The Berlin Airlift was the US, France, and Britain’s answer to the Berlin Blockade. After the Berlin Blockade was imposed by the Soviets on 12th June 1948, the remaining allied forces were left with the problem of supplying West Berlin with food, fuel, and. The Soviets assumed that they would have to cede control of West Berlin. Instead, the US, British and French allies began to consider whether an airlift would be possible. After the war, there was no formal arrangement with the Soviets regarding access to the road and rail network servicing West Berlin. And since there was no agreement, technically the Soviets were not going back on their words when they restricted road and rail access with the blokade.
However, after the war, formal agreements had in fact been put in place with the Soviets with respect to dedicated access to West Berlin via 20km wide air corridors. The proposal was to fly all supplies in via these air corridors. The Soviets could not legitimately claim that cargo supply planes were a military threat, and so if it shot any down, it would in effect be renaging on its post-war agreements, and would effectively be starting another War.
After a shaky start, with a number of accidents, and much inefficiency, the airlift eventually managed to reach the 5000 tonnes per day capacity required to keep West Berlin running.

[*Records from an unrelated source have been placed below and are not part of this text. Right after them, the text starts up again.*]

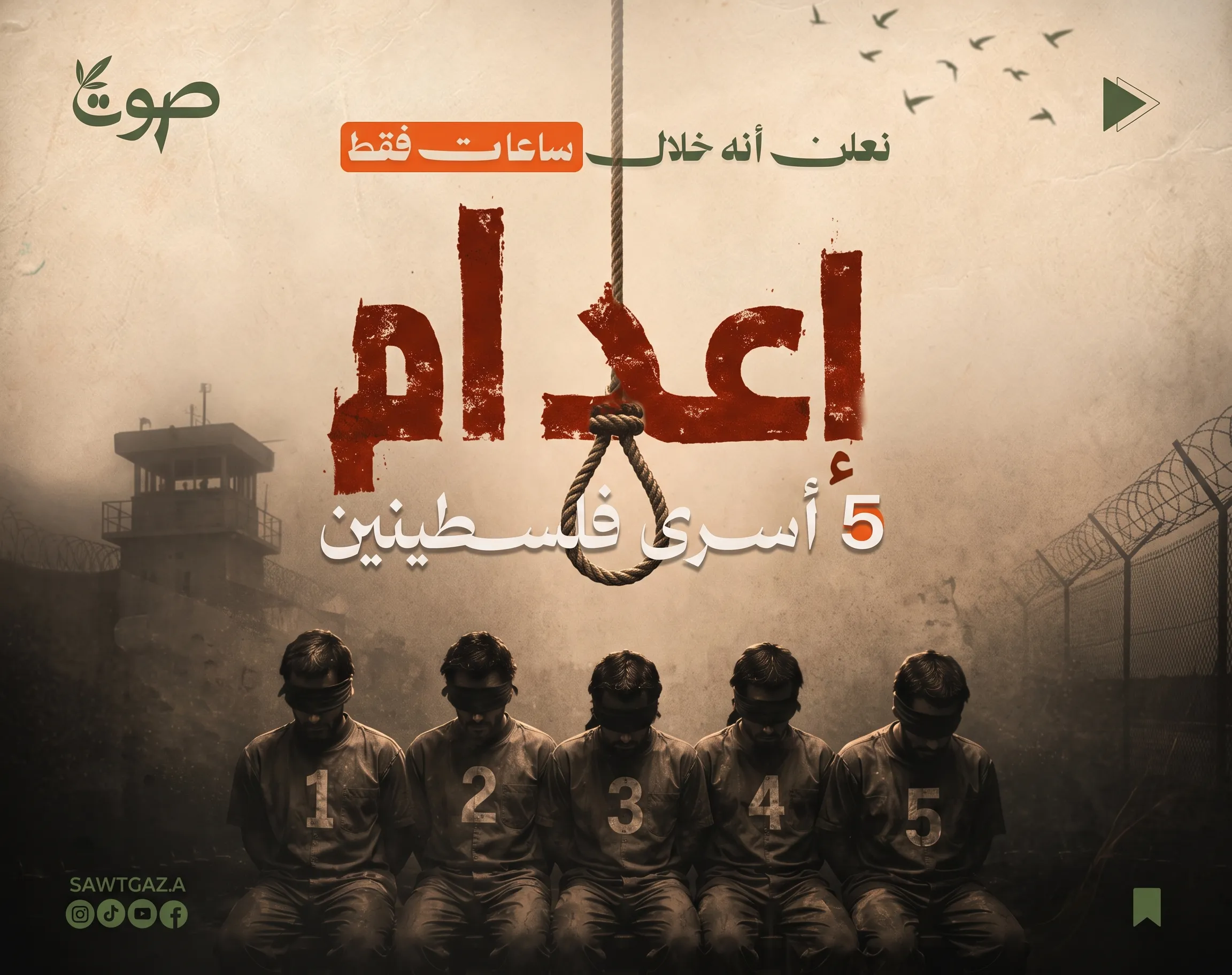 صانع المحتوى في غزة
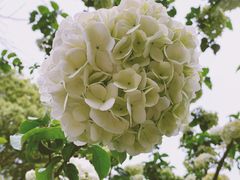 -杭州城北体育公园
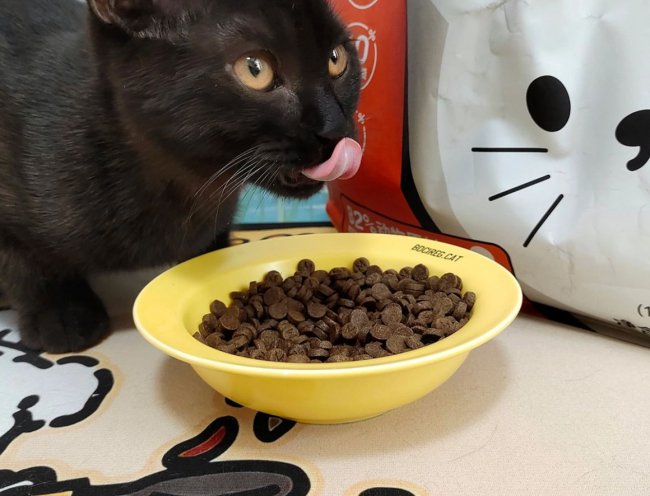 什么猫粮低敏又长肉？希喂、网易严选、百利猫粮详细对比插图4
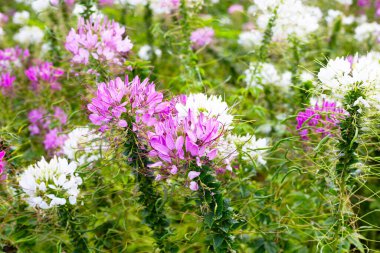 Parktaki Cleome Spinosa çiçeği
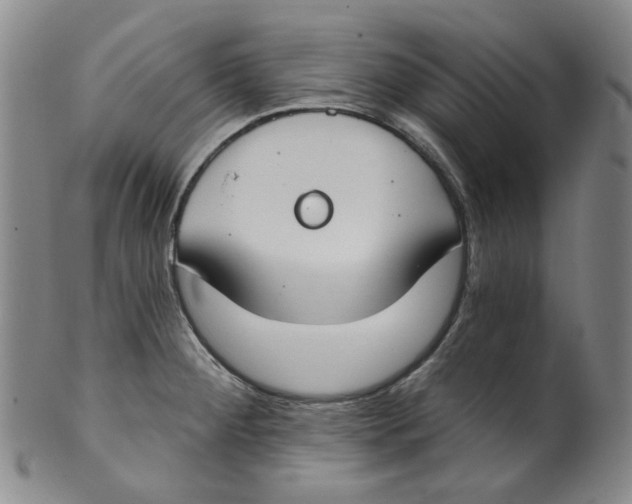 X0000100411284200806271435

However, coming into the winter of 1948, the required supply capacity increased to 6000 tonnes per day. The increase reflected the extra coal required to heat the city during the winter months.
The commander of the operation, Major General William H. Tunner, was dedicated to improving efficieny and supply rates. At its peak, between 15 April and 16th April 1949, the operation delivered 12,941 tonnes in 1383 flights. After this, the daily tonnage increased to 8,893 from 6,729. Tunner earned himself a well deserved nickname: “Tonnage Tunner”.
The blockade was eventually lifted on 12th May 1949.